Quartiles are three values that split sorted data into four equal parts.

(figure modified from this source)

IQR (Interquartile range) = Q3 - Q1

  1. Generate a histogram for the “WT.2” sample using hist(). What does the distribution look like?
Stats Time!

Histograms help us see how data is spread out. They show how many data points fall into different intervals, or bins. By looking at a histogram, we can quickly understand the shape of the data, like if it’s skewed or has outliers. It’s a simple way to get an overview of your data.

hist(counts[["WT.2"]])

Stats Time!

log2 Transformation

A log2 transformation is commonly used to normalize data and reduce skewness, especially in datasets with values spanning several orders of magnitude. Many biological data, like gene expression counts, tend to have a highly skewed distribution with a long tail of large values. The log2 transformation helps:

  • Stabilize variance – Makes data with large differences more comparable.
  • Handle ratios – Converts multiplicative relationships into additive ones, simplifying interpretation.
  • Improve normality – Makes the data distribution closer to normal, which is often required for statistical tests.
plot(
  x = counts[["WT.2"]], y = log2(counts[["WT.2"]]),
  xlab = "Original Scale", ylab = "log2 Scale",
  main = "Gene expression for the sample WT.2"
)
abline(v = 256, col = "red", lty = 2) # Add vertical line 
abline(h = 8, col = "red", lty = 2) # Add horizontal line
text(x = 500, y = 7, labels = expression(2^8 == 256)) # Add equation

Re draw the histogram with the log2 transformed data, what does the distribution look like now?

hist(log2(counts[["WT.2"]]))

Get Your First Quarto Report

Create a new Quarto document (File -> New File -> Quarto Document), write all codes above and your observation for the questions in the document.

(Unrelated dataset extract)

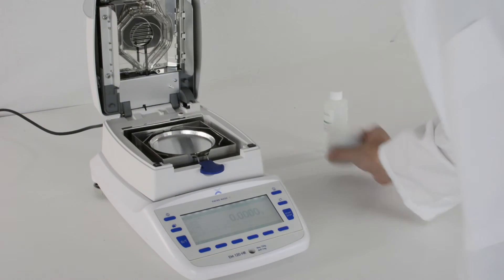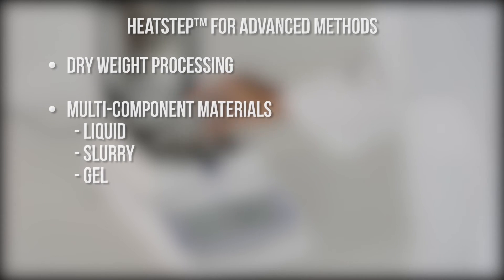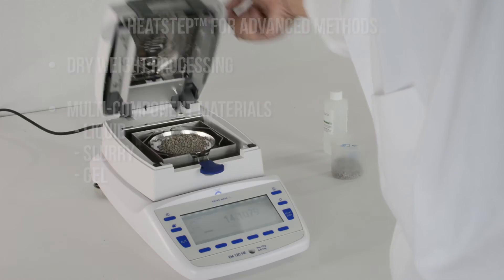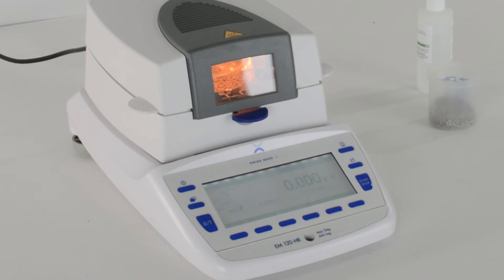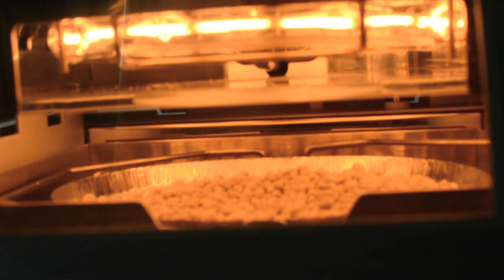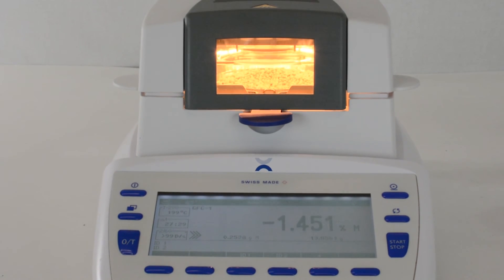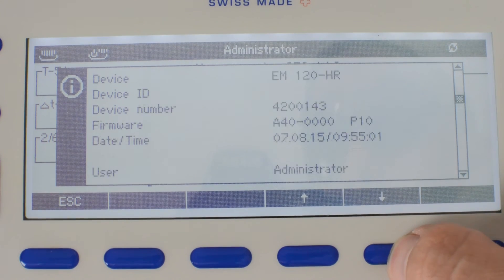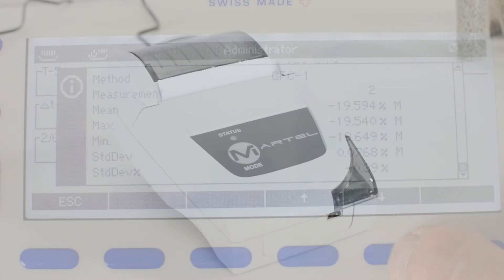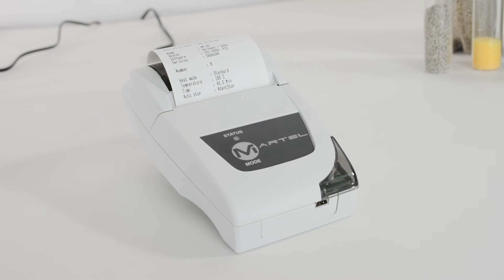The EM has three programmable heat steps for advanced methods that include dry weight processing or multi-component liquid, slurry, and gel material. Using heat steps, the balance will heat the sample at a user-specified temperature and time limit, then automatically proceed to heat the sample at a new user-defined temperature once the previous time limit has elapsed. When the process is finished, the results will appear on screen and can output to an optional RS-232 connected printer or your computer software.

Then click the “Render” to generate your own report!

  • Change something in your script Quarto and re-render it, is the report up-to-date?

To go further:

  • Where is your report stored?
  • What should you do if you want the report be stored in a specified folder? => use a configuration file for Quarto.

Open a new text file and copy paste following code, save it as _quarto.yml in your project folder.

project:
  output-dir: outputs/

Try “Render” again, now where is your report?


Good job! 👏👏 You’ve taken your first big steps into R, and you’re off to a great start, keep it up!